Maybe we’re running into the ambiguity of language. If you mean to say, “Who does it cause a problem for? The consumer.” then sure. On the other hand what I mean, and what I think Linus means, is “Who’s responsible for the vulnerability existing? Hardware vendors. Who should fix it? Hardware vendors.”

If the ask is why should a speculative fix go into the Kernel […]

Depends on what you/we/they mean by “speculative”. IMO, we need to do something (microcode, kernel patches, whatever) to patch Spectre and Meltdown. Those have been demonstrated to be real vulnerabilities, even if no one has exploited them yet. But “speculative” can mean something else. I’m not going to read all the LMK emails so maybe they’re talking about something else. But I’ve seen plenty of, “Well if X, Y, and Z happen then that could be a vulnerability.” For that kind of speculative vulnerability, one that has not been demonstrated to be a real vulnerability, I am sympathetic to Linus’ position.

jerakor@startrek.website · 1 month ago

This is a patch from the hardware vendor so I am assuming that the ask is not that the hardware vendor take responsibility but that they not release buggy hardware. That is what I mean about the validation issue.

The attack vector is shared in the patch so it isn’t entirely a theory.

There is a comment from Linus about how this patch is only needed for some hardware and doesn’t apply to others but I don’t get his relevance there as different hardware validates against different use cases and their source logic might be entirely disparate.

So my validation talk is simply saying that bugs happen. My concern here is what more should a hardware vendor do beyond submitting a kernel patch?
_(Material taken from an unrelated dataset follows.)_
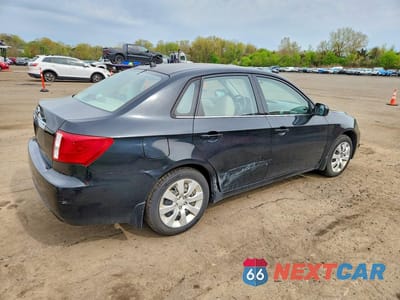 Trzecie zdjęcie samochodu z tyłu: 2011 SUBARU IMPREZA 2.5I VIN:JF1GE6A61BH517825 - miniatura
You can’t just not have the bug, and if you recall the part someone else will just keep theirs in the field and take all the market share and roll the dice that their bugs don’t get exploited.

P4ulin_Kbana@lemmy.eco.br · 1 month ago

Could someone please explain to a non-tech expert?

FizzyOrange@programming.dev · 1 month ago

This is about Spectre, not about buggy hardware implementations.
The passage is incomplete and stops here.